RC4 is kind of broken in TLS - B-Con
http://blog.cryptographyengineering.com/2013/03/attack-of-week-rc4-is-kind-of-broken-in.html

======
tptacek
Attackers can use Javascript and/or browser plugins to coerce browsers into
making millions of requests to (say) GMail, specifying the URL to make the
session cookie line up at a specific point in the plaintext. Similar
techniques animated BEAST, CRIME, and Lucky 13.

Now, for sites that use RC4 (to mitigate BEAST and Lucky 13), attackers can
take advantage of a flaw in RC4: RC4's keystream output has biases throughout
the first 256 bytes. Over millions of trials, these biases make it possible to
use basic statistics to predict cookies, from the vantage point of a passive
attacker.

This is one of the easier-to-understand TLS flaws of the last few years. RC4
is simple: you key it and it spools out a Hard-to-predict stream of random
bytes, which are XOR'd to the plaintext. If those bytes aren't Hard to predict
in some way, the attack is obvious. Now that (a) we know how to get browsers
to generate millions of sessions (hello, BEAST) and (b) half the Internet is
now using RC4 (thanks, BEAST), these RC4 attacks have become germane.

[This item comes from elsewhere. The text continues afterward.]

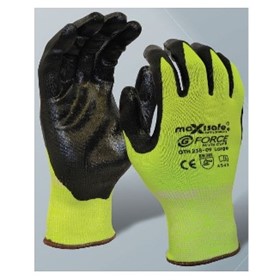 Synthetic Cut Gloves | GTH238 G-Force HiVis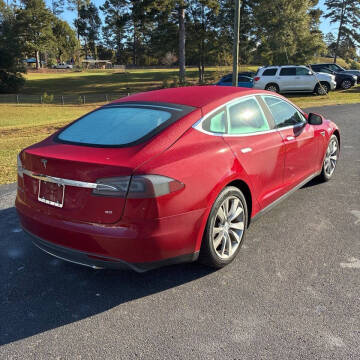 2014 Tesla Model S 85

My guess is that these attacks are (1) noisy, (2) slow, (3) unreliable, and
(4) expensive --- not in a "need a grid of PS3s to exploit" kind of way, but
in a "nobody will cast a broad net across the Internet with this attack" sort
of way.

But the vulnerability is also plainly unacceptable, in a way that I don't
think is true of "Lucky 13" (which isn't intractable to fix in application
code, just very annoying to fix).

It looks like we're finally reaching a place where TLS compat is going to stop
dictating what attacks we mitigate and how, because unless we opt to accept
the risk of poor "Lucky 13" fixes, there's no compatible way out. We need a
widely deployed authenticated ciphersuite.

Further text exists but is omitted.